Non credere che non penso anche a te, la mia anima ricorda per me, tu che sei stata preziosa quando facevi sempre qualcosa, sei stata la prima a corteggiarmi, usavi il tuo cuore mai le armi, non hai mai fatto vero sfoggio della tua bellezza, ti sei sempre approcciata con naturalezza, mi hai emozionato quando mi hai preso la mano, in quella stazione ci ho scritto pagine del mio diario, non una foto, ma avrei voluto farla, perché non è scontato incontrare un angelo con le ali da farfalla, avevi uno sguardo dolce e sensuale, che mi faceva venir voglia di amare, sei rimasta spontanea per tutto il tempo, sembravi come ti conoscessi da tanto tempo, il tuo imbarazzo mi creava imbarazzo, scusami se non ti ho messo a tuo agio ma ero in disagio, un disagio bello tratto dalla tua bellezza, anche la stazione sembrava impregnata della tua dolcezza. Poi sono andato via, pochi istanti per sentire la voce della mia nostalgia, ultimi sguardi da lontano, ha generato un ricordo malinconico, raro, come quando perdi qualcosa di prezioso, quando il destino ti dice che quel legame meritava un legame senza riposo. Ora talvolta ti vedo dentro un display, mi dici come stai Ray, io ti guardo e sto già bene, avrei voluto conoscerti da bimbo sopra le altalene. Dai fammi quel sorriso, quel tuo sguardo, lo merito anche io che nei ricordi ancora ti guardo.

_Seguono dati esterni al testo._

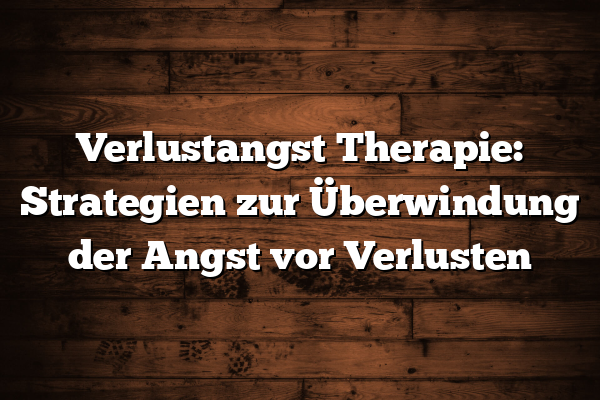 Verlustangst Therapie: Strategien zur Überwindung der Angst vor Verlusten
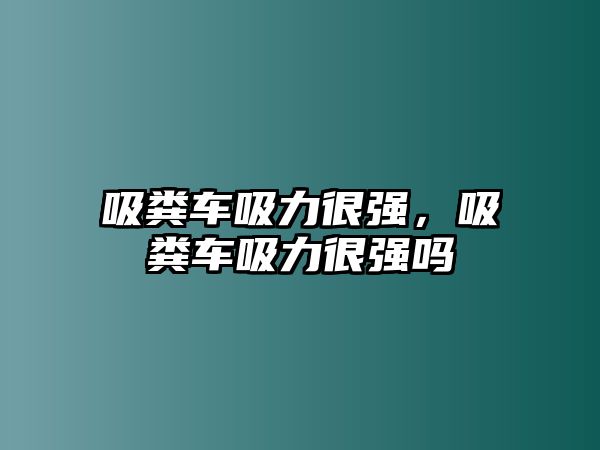 吸糞車吸力很強(qiáng)，吸糞車吸力很強(qiáng)嗎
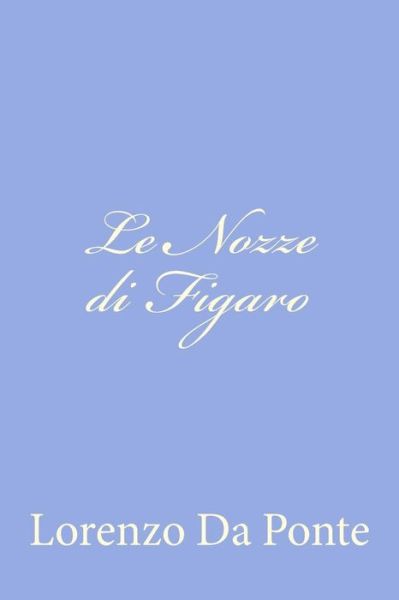 Cover for Lorenzo Da Ponte · Le Nozze Di Figaro (Paperback Book) (2012)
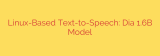 Linux-Based Text-to-Speech: Dia 1.6B Model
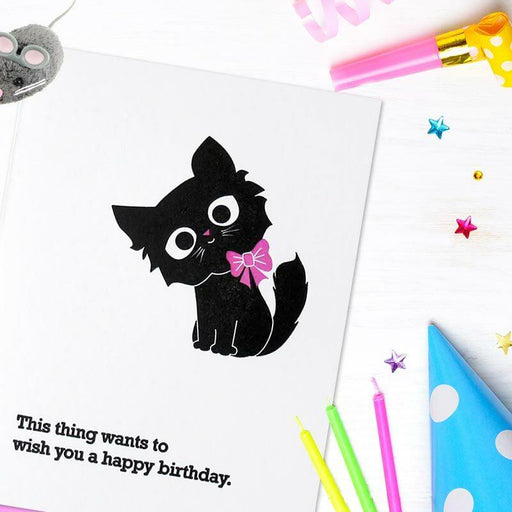 This Thing Wants To Wish You A Happy Birthday Card
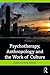 Psychotherapy, Anthropology and the Work of Culture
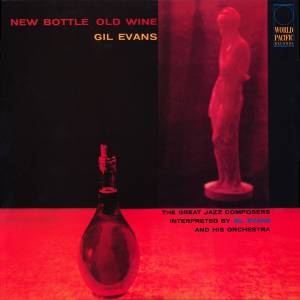 Evans, Gil - New Bottle, Old Wine (Tone Poet)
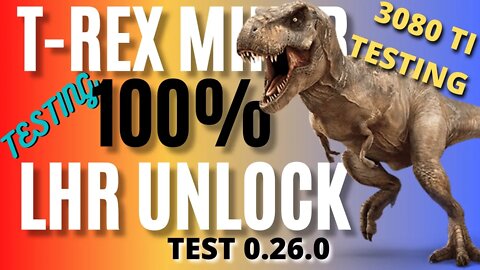 T-REX Miner 100% LHR Unlock! 🔥 3080 TI Testing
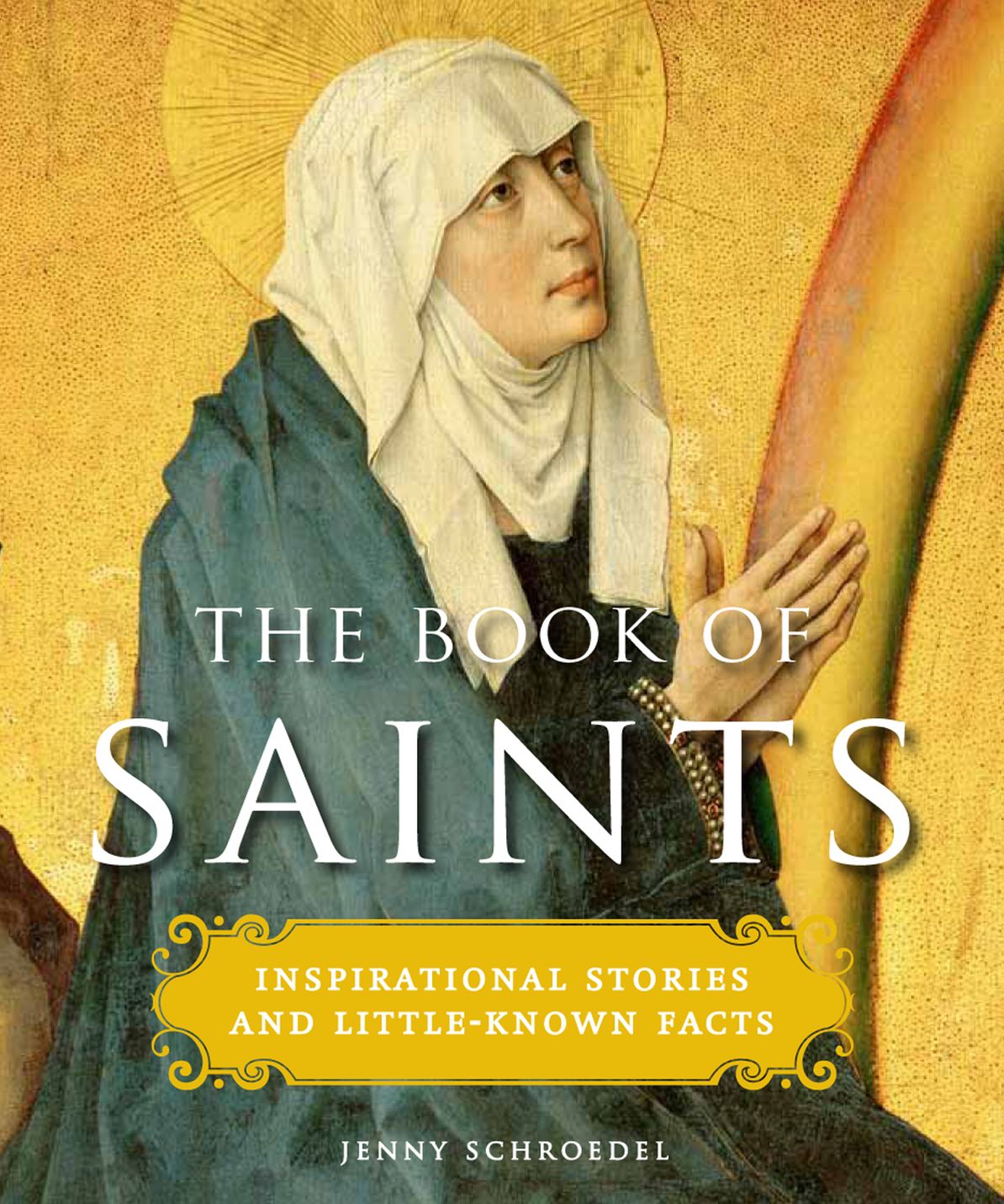 The Book of Saints: Inspirational Stories and Little-Known Facts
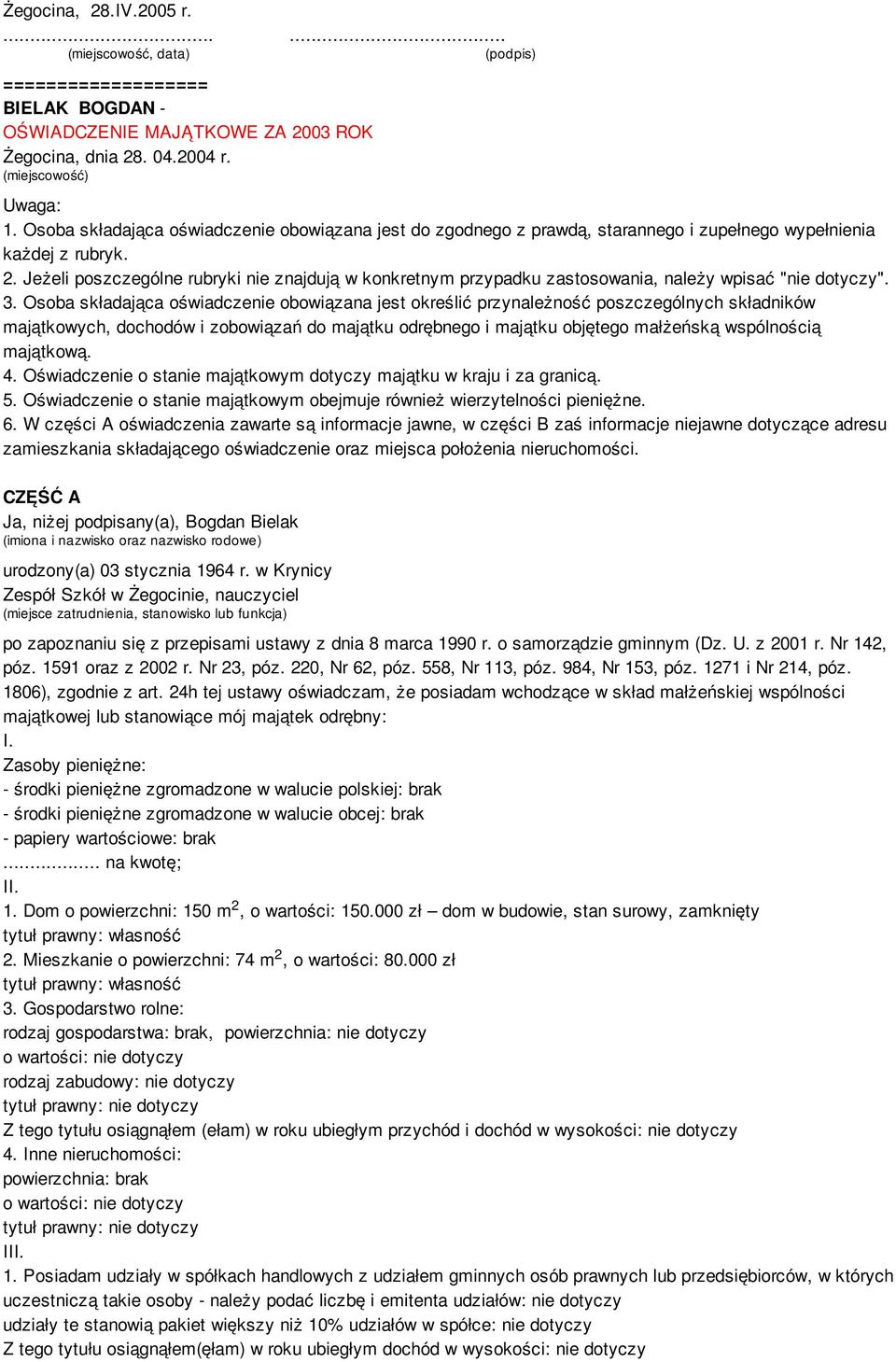 . Jeżeli poszczególne rubryki nie znajdują w konkretnym przypadku zastosowania, należy wpisać "nie dotyczy". 3.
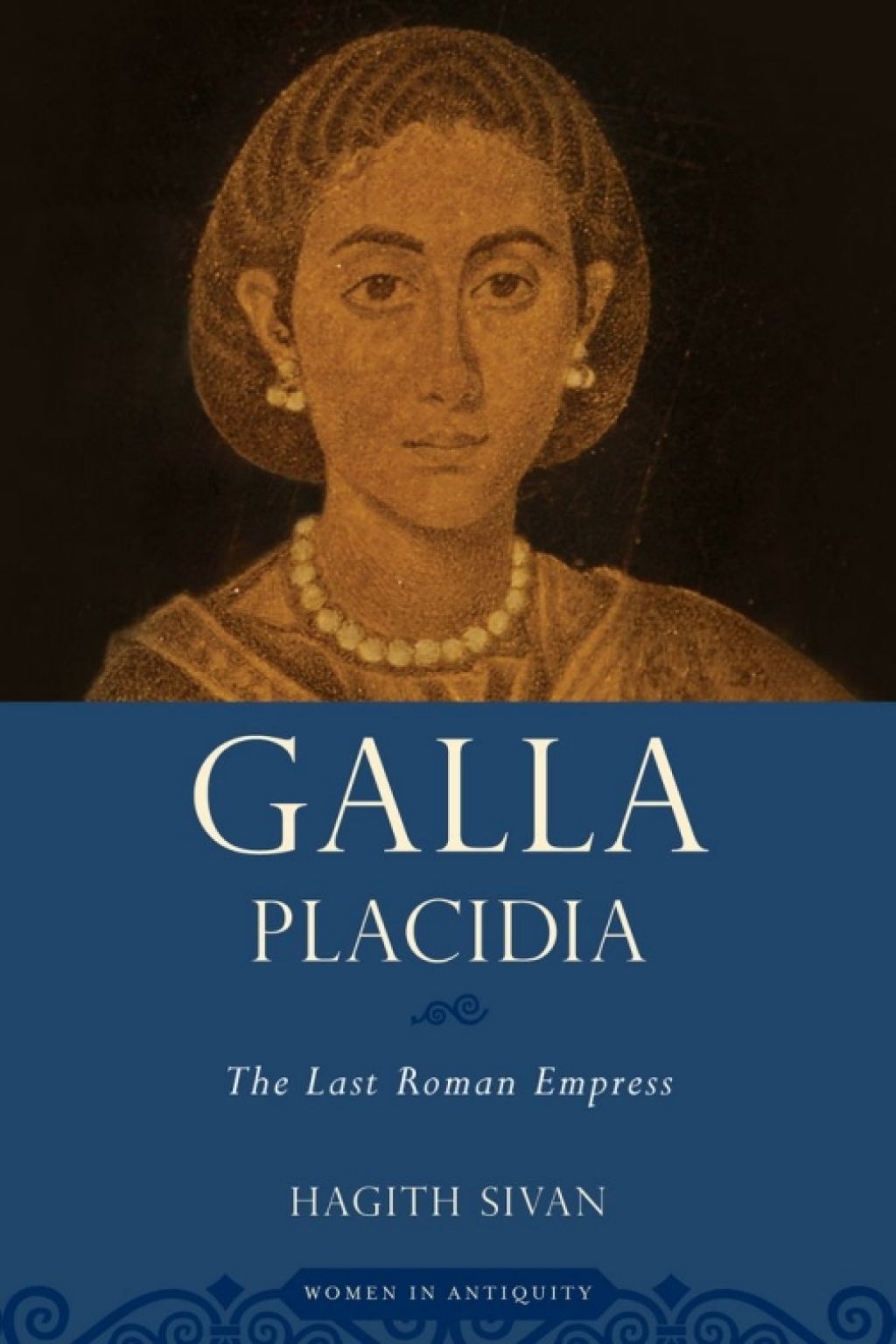 Galla Placidia The Last Roman Empress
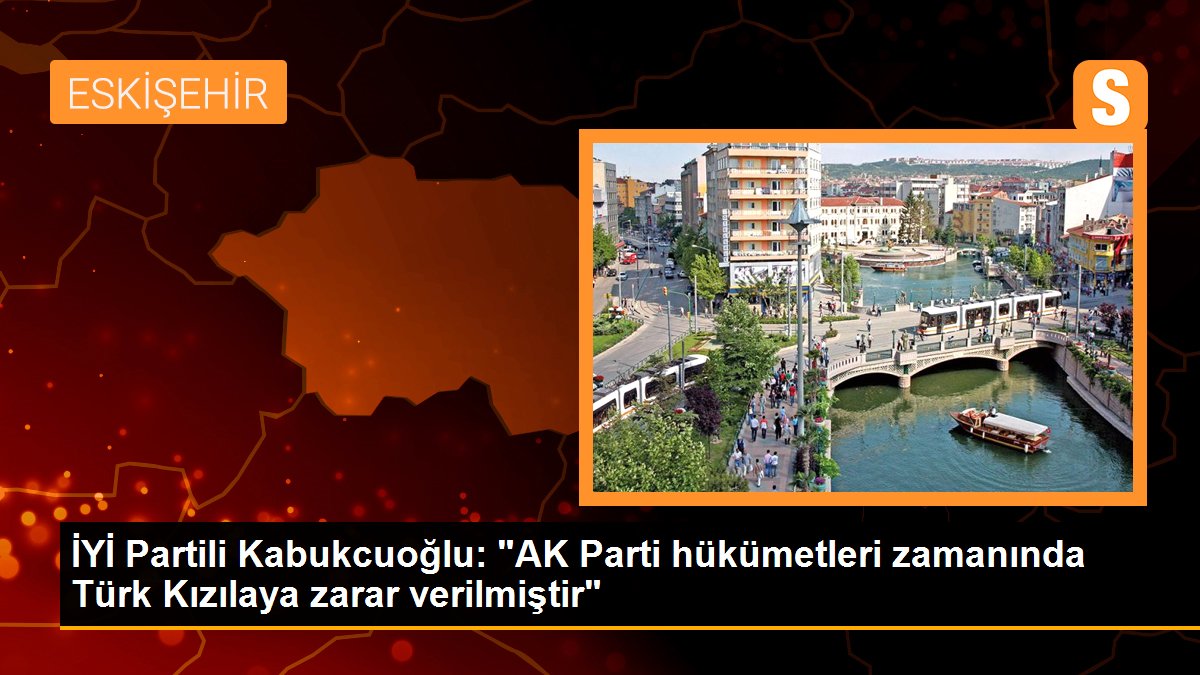 ÂLÂ Partili Kabukcuoğlu: “AK Parti hükümetleri vaktinde Türk Kızılaya ziyan verilmiştir”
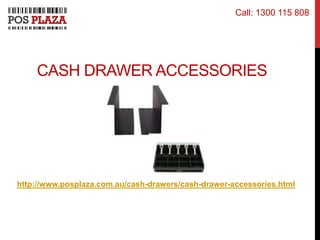 CASH DRAWER ACCESSORIES
http://www.posplaza.com.au/cash-drawers/cash-drawer-accessories.html
Call: 1300 115 808
 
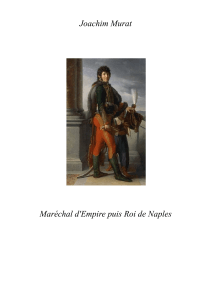 Joachim Murat Maréchal d'Empire puis Roi de Naples
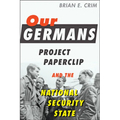 Our Germans: Project Paperclip and the National Security State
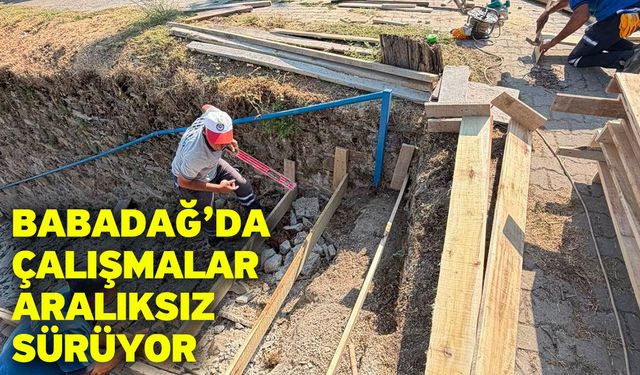 Babadağ’da Çalışmalar Aralıksız Sürüyor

Non credere che non penso anche a te, la mia anima ricorda per me.
E non credere che sono andato via facilmente, la tua essenza è davvero travolgente.
Ultimi sguardi da sopra quel ponte, chissà se pensavi che avevi lasciato le orme, le impronte, quelle emozioni che già sembravano pronte. Giuro che ti ho sentito sotto la mia pelle dentro le vene, nel mio cuore si è stampato un ti voglio bene.